Eric Bianchi honored by the American Society of Civil Engineers

The American Society of Civil Engineers (ASCE) recognizes ten college students each year for their early achievements that set the way for an optimistic future in civil engineering.

This year, Eric Bianchi, a graduate student in civil and environmental engineering at Virginia Tech was selected for this honor. As part of this honor, he will receive recognition in several ASCE publications, a $100 scholarship, and the opportunity to receive a $1000 scholarship.

Eric also attended Virginia Tech and graduated with his bachelor’s degree in civil and environmental engineering in 2017. He was involved in the Earthquake Engineering Research Institute, ASCE student chapter, Chi Epsilon Civil Engineering Honor Society and served on the Steel Bridge Team and as a CEE department ambassador. In 2017, he was selected for a senior spotlight in the civil and environmental engineering alumni newsletter for an app he created that provides real-time parking information at Virginia Tech. He was also chosen as the 2017 Outstanding Senior for the department.

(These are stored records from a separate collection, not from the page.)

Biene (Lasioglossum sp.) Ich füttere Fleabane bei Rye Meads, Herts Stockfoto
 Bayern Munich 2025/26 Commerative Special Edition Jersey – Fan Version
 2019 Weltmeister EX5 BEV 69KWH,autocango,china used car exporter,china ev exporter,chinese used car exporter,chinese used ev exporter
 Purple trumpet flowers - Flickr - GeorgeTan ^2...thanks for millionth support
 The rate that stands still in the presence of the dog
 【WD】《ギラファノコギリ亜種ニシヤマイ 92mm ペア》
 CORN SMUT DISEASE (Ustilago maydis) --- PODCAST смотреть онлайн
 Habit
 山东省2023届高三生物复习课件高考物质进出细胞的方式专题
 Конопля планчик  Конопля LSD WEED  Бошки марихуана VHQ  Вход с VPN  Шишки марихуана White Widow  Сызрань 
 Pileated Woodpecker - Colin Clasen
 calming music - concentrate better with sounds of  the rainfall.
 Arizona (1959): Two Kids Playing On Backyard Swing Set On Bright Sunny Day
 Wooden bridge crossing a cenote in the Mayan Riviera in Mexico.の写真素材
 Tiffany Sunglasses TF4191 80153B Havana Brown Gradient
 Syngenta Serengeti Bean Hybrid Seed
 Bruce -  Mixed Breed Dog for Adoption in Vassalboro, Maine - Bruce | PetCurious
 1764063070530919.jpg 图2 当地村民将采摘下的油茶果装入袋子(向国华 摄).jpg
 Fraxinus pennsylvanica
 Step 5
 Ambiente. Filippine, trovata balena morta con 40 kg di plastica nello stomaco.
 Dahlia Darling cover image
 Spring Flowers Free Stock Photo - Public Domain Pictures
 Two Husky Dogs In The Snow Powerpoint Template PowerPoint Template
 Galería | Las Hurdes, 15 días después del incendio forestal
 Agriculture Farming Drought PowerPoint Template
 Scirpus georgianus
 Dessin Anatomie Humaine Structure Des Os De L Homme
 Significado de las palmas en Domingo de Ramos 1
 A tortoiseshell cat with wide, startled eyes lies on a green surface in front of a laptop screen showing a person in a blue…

“Eric is a passionate student who has an entrepreneurial spirit that he utilizes to challenge himself every day,” noted Academic and Career Advisor, Kara Lattimer. “His recognition by ASCE simply showcases his genuine interest in the profession of civil engineering and his desire to bring new knowledge to the field.”

As a graduate student, he is focusing on Structural Engineering and Materials. He is serving as a graduate teaching assistant for materials lab, teaching two lab sections of undergraduate students.

Originally, he wanted to major in chemical engineering, but was looking for a different work environment than that profession provided. “I like civil engineering because I can see what is being built. It is tangible,” he said.

His dream job following graduation is to pursue a career with a large engineering firm that works internationally. Specifically, he would like to work in earthquake engineering research or project management. He hopes his time in graduate school will help to solidify which of those options he would prefer.